John Corrado, I read your tale of Dracula, and had to apologize to the people on either side of me, sitting at the computer banks at the library. I was trying to hold in hysterical laughter, and they thought I was having some kind of fit!

I’d say where I saw this production of OurTown, but I linked to this thread on my LJ, and they might find it.

It was overall an okay production but they had the same problem. Quite specifically in the script, the year is explictly mentioned several times (“The year right now is 1922”). However, when the two children are supposed to be talking to each other from their respective bedroom windows, they were IMing each other. :confused:

The actors would pantomime typing, and an IM window was projected onto the backdrop of the set, showing what they were saying to each other. And yes, IM-speak was used (“c u 2morrow”).

Rent.

On Broadway, fer crissake.

So much for reading the reviews and listening to the critics.

Even after reading the Playbill, I still don’t know what it was about.

My wife and I got up at intermission, and never looked back. (At least we got into a good restaurant before all the theatres let out.)

In the early 70s, our church hosted a traveling troupe doing a production of Jesus Christ, Superstar.

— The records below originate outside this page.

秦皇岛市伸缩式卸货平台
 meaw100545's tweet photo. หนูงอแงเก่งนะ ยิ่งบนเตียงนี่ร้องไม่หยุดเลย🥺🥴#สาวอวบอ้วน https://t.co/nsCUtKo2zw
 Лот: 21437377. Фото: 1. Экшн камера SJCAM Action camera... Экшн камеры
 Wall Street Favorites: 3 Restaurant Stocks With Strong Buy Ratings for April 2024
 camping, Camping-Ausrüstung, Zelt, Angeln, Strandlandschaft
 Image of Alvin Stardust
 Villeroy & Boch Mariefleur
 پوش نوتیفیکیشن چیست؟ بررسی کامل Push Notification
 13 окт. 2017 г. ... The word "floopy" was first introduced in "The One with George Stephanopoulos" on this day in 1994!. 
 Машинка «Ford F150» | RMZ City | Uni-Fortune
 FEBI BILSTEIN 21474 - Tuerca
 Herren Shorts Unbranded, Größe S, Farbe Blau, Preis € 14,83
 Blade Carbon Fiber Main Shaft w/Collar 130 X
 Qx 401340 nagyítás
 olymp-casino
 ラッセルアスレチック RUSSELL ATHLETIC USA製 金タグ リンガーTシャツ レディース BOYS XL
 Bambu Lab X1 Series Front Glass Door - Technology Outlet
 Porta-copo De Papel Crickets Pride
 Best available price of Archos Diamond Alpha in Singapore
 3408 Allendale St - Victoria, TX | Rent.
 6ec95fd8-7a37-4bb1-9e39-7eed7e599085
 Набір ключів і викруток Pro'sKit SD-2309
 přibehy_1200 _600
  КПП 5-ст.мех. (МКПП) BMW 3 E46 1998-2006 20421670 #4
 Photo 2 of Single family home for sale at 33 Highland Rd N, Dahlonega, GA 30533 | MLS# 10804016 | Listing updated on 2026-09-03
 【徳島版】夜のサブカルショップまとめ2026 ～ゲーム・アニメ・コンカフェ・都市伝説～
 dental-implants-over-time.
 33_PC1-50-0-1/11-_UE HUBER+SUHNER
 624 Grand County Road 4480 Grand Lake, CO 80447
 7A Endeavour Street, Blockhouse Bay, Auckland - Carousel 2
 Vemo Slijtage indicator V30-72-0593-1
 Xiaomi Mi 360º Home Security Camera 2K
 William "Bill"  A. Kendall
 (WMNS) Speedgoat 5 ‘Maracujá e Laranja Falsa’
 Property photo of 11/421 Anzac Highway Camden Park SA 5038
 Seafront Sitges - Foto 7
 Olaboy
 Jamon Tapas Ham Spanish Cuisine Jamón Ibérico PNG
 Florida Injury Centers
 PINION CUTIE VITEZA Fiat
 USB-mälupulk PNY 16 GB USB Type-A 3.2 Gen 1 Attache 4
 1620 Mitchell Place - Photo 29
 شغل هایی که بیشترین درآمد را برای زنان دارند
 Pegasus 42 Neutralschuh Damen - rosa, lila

All of the costumes were badly sewn bedsheets. No one sang - it was entirely lip-sync’d to the records. The director apparently came up with only one dramatic expression - picture a performer with his arms outstretched forward, palms up, waving his arms up and down to emphasize the “drama”.

It was beyond bad. I give amateur performers the benefit of a lot of doubt because I know I couldn’t get up on stage and act, but I know I could have done better than these guys.